Voelz made it a point to surround herself with advisers who were not only as driven as she was, but as qualified.
“Chris knew how to align herself with the right people,” Lucas said. “Besides some of the greatest female leaders in the Twin Cities, she worked with a lot of men who wanted to see women’s athletics prosper.”
When the Gopher women’s hockey team began in 1997, Voelz did not want to just add another sport.
“We wanted to do it the right way,” Voelz said. “Nike gave us a better deal than the men’s hockey team on apparel and equipment, because here they saw Herb Brooks and Rob Ridder were on my advisory group.”
In 2002, when University President Mark Yudof announced that the men’s and women’s athletic departments would be merging due to budget problems, Voelz rallied with her closest advisory group, nicknamed ‘the posse,’ to prevent it.
“We were sort of her ‘kitchen cabinet,'” Mona said jokingly. “We worked night and day to present to the Board of Regents against merging.”
But the trend was against them.
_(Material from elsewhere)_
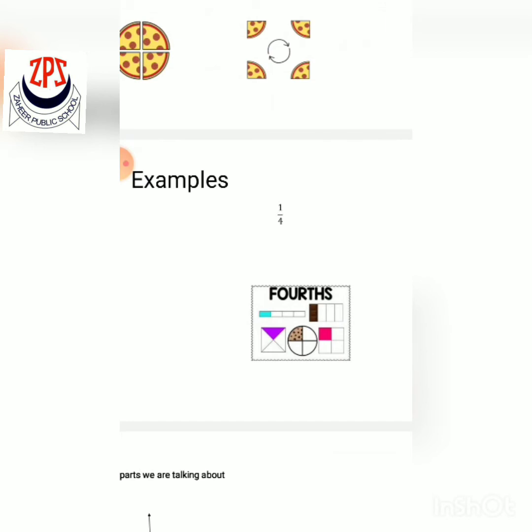A rectangle divided into four equal parts, one part is blue — you write one upon four. Another rectangle divided into four equal parts, one part is brown — you write one upon four. A square divided into four equal parts, one part is purple — you write one upon four. A pizza divided into four equal parts — you write one upon four.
Minnesota was one of only five schools in the nation that had separate athletic departments.
“There may have been a time [to merge],” Voelz said. “But that was not the right time, considering the uncertainties in the men’s department and the solid place the women were in.”
After months of campaigning, Voelz conceded and decided, along with then-men’s athletic director Tom Moe, to not apply for the new position.
“It was not to be,” Voelz said. “It was two presidents later, and I had very little institutional memory. At that point, the entire program needed a fresh start.”
Now, Voelz continues to play a role in collegiate athletics from afar. She owns and operates her own athletic consulting firm and works with the Women’s Sports Foundation as their Leadership Gifts Officer.
“I’m most proud of the fact that we had scholar athletes,” Voelz said. “We had a culture where the young woman was valued. There were outstanding women who became tremendous leaders because they did not have to be number two.”